A/N: I'm sorry I've kept you waiting! The spring semester has begun and classes are taking up a lot of time now--but we're almost finished, if you can bear with me a few more chapters!

Fifteen's shorter than I'd wanted it, but it gave me so much trouble--stupid transitional chapters. Anyway, I should have more written and up soon, so enjoy!


Tobias went to Lincoln's Inn Fields the next day, a Sunday. Abigail and Melody accompanied him; Abigail had had Cate pack them a picnic lunch. The weather was unnaturally clear, and Tobias sat staring up at the empty sky while Abigail and Melody ate and chatted.

So he had rooted it out at last; Sweeney Todd had contacted him from beyond the grave because the demon had discovered a way to become alive again—but for this, he needed sacrifices. Being still a ghost, or a corpse, or whatever the demon barber was, he was unable to collect these sacrifices himself...

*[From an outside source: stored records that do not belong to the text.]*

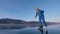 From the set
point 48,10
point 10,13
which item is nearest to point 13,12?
point 10,13

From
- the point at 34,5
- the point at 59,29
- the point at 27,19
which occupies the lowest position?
the point at 59,29

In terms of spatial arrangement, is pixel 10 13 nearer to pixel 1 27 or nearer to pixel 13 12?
pixel 13 12

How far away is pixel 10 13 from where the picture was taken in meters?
2.67

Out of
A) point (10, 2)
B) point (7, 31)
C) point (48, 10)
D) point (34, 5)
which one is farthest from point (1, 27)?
point (48, 10)

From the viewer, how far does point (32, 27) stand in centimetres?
268

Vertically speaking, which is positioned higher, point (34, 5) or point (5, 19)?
point (34, 5)

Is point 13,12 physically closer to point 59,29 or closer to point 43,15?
point 43,15

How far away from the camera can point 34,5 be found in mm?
2699

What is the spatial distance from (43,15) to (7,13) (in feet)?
2.13

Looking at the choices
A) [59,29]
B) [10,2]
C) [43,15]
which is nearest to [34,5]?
[43,15]

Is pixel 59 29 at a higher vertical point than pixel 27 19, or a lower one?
lower

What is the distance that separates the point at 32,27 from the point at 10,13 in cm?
47

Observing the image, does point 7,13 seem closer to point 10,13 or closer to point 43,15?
point 10,13

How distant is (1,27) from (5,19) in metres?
0.16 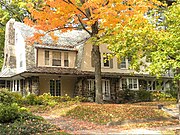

...and so had enlisted Tobias to do it for him.

He almost laughed to himself. Sweeney had, for the most part, ignored him when he'd worked for Mrs. Lovett, with the exception of the night he asked the boy to deliver a letter, the night his happiness in that place had ended. To think that I was ever happy there, Tobias thought dryly. What an abomination it was.

And he had been under the impression that he had escaped it! That all he had been left with were nightmares, and those he had been content to forget when the morning came! No, it was clear that he had not left Mrs. Lovett and her ghastly lover behind; Sweeney Todd, at least, had come again for him, now having a use for the boy he had ignored.Would that you had forgotten about me completely, Todd.

He felt a hand on his knee and looked over to see Abigail watching him. Her face was blank, though her eyes were intent; and for a moment, they simply looked at each other, eye to eye, looking into each other. Tobias saw a woman who loved him, and Abigail saw that her husband had returned to her. He smiled at her, took her hand in his, and raised it to his lips; lingering there, as he had done months ago at her birthday party. She smiled widely in return, tears showing briefly in the corners of her eyes; then Melody spotted Frederick Abberline across the way, and pointed at him as she shouted gleefully, and they turned to greet their friend.


Abigail rejoined Tobias in the master bedroom that night. Sweeney Todd would not appear when Abigail was present; instead, he tried to sidle into mirrors and catch the surgeon's gaze. Aware of this, Tobias used no mirrors except in well-lit rooms, and more often checked his appearance by Abigail or Cate.

He stopped walking into Whitechapel, taking a carriage instead, explaining that as the weather began to get colder his leg pained him greatly. He also began to go into the district less. He still maintained his rounds on Thursdays, of course, but he cut his check-ups where it was possible, and was less inclined to run out to the district at every "emergency" call he received. He invited Abigail to go with him, which she was more than happy to do.

Tobias heard nothing from Todd, and had no nightmares, but the surgeon remained vigilant. Now that he knew what the dead barber's object was, he was under no illusion that the demon would surrender so easily to Tobias's attempts to evade him.

Weeks passed without any sign of Sweeney Todd, however, and with each barber-less day Tobias grew more and more confident, and more like his old self.

Was it possible that Sweeney had abandoned his cause? Tobias had heard of no other murders in Whitechapel that could have been described as sacrificial, so the demon had not found a new living hand—but it was unlike the creature to be so submissive. There were moments when Tobias became again possessed by fear, sure that Todd would appear at any moment; but the moments passed, and Todd did not come, and Tobias would again forget.

But old Sweeney knew what he was doing.